Pictures with short captions
____

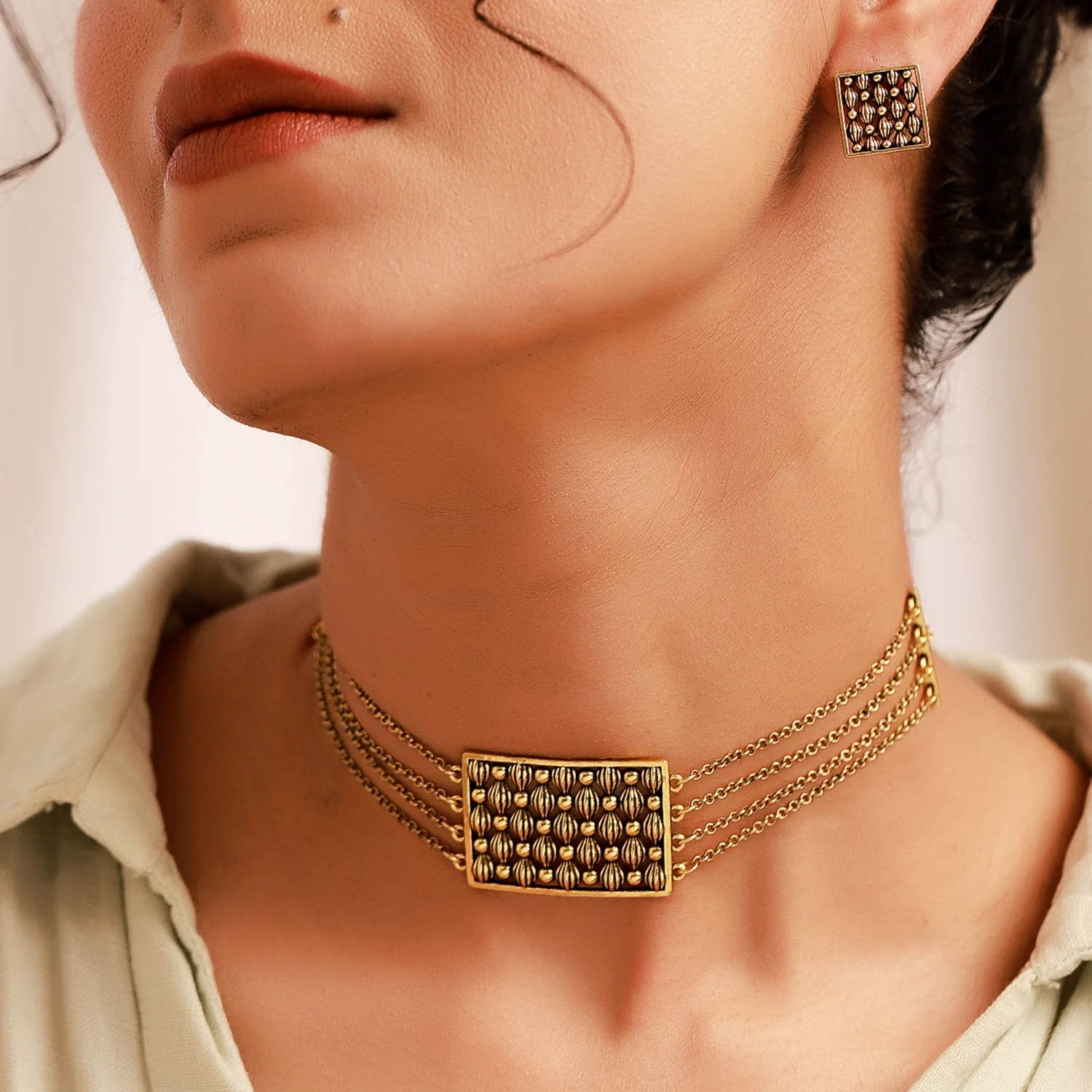 Woven Wonders Wavy Weave Choker Necklace Set - Image 2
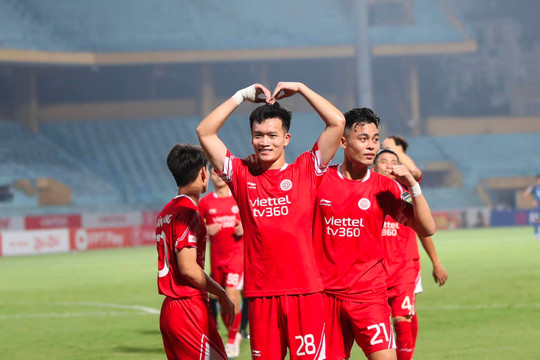 Nguyễn Hoàng Đức giành giải cầu thủ xuất sắc nhất V-League 2023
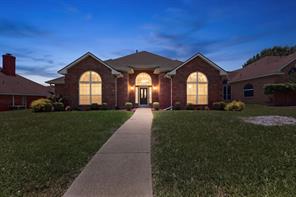 712 Regalwood Drive - Photo 2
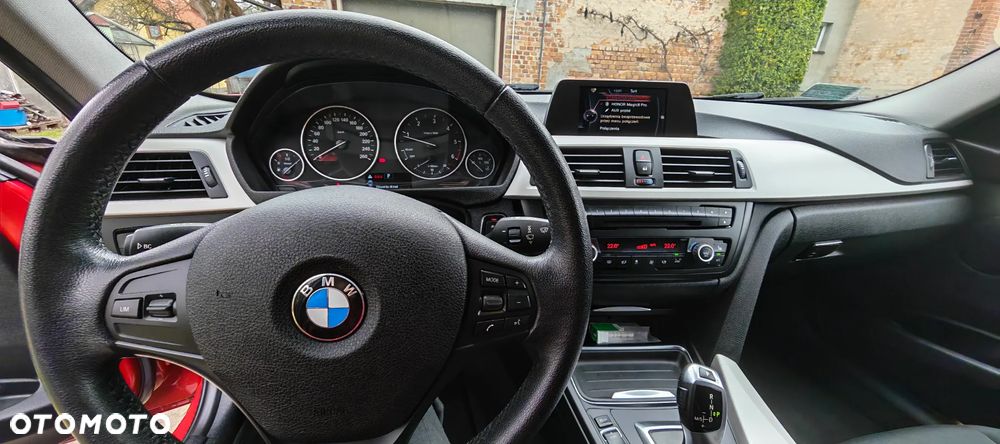 BMW Seria 3 318d - 12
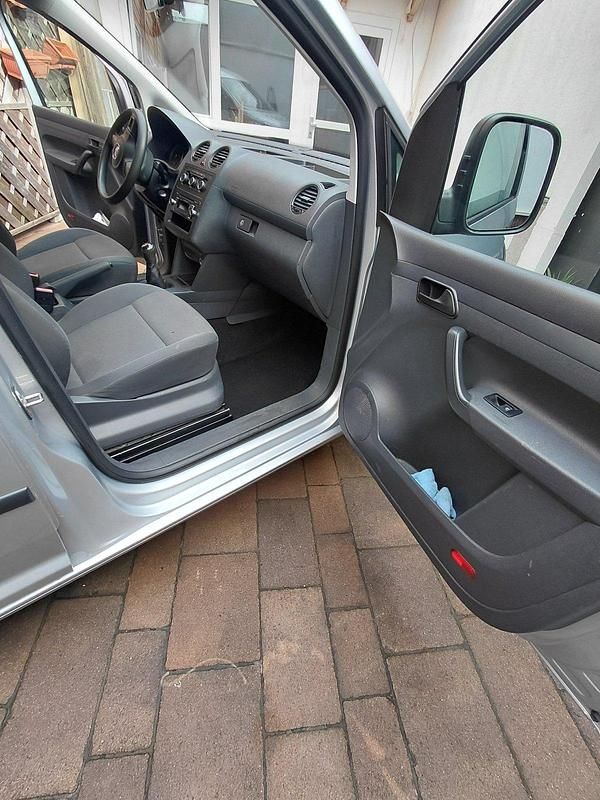 Gebraucht VW Caddy 102 PS (75 kW) 2014 Silber Van / Kleinbus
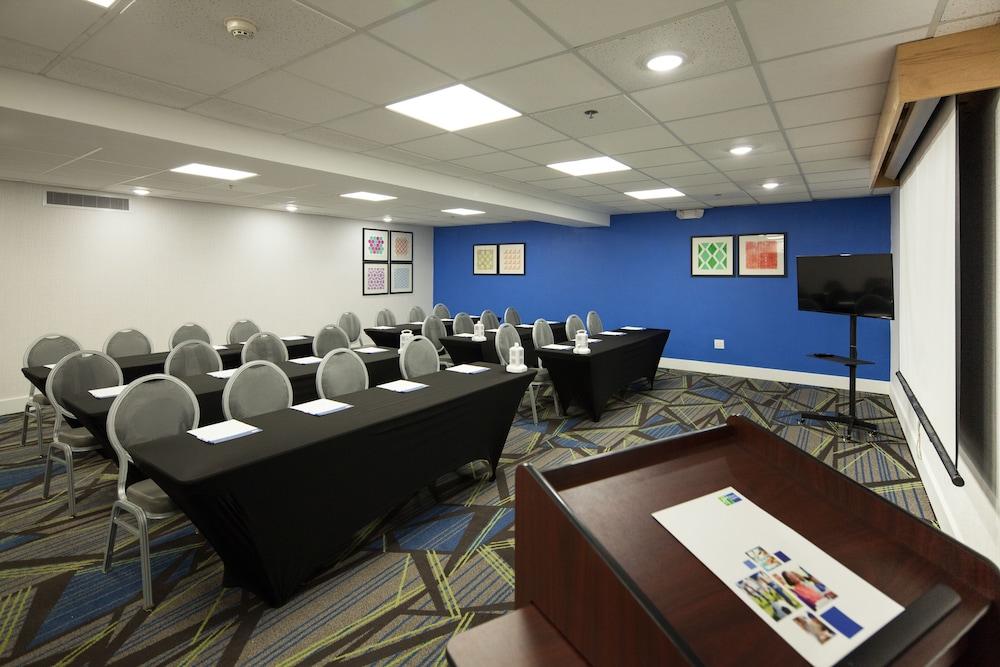Holiday Inn Express & Suites Nashville - Brentwood I-65 by IHG photo 46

____

■ WHAT THIS TASK INVOLVES ■
Return all the data above as written, leaving out only the pictures.

■ REPLY ■
 Woven Wonders Wavy Weave Choker Necklace Set - Image 2
 Nguyễn Hoàng Đức giành giải cầu thủ xuất sắc nhất V-League 2023
 712 Regalwood Drive - Photo 2
 BMW Seria 3 318d - 12
 Gebraucht VW Caddy 102 PS (75 kW) 2014 Silber Van / Kleinbus
Holiday Inn Express & Suites Nashville - Brentwood I-65 by IHG photo 46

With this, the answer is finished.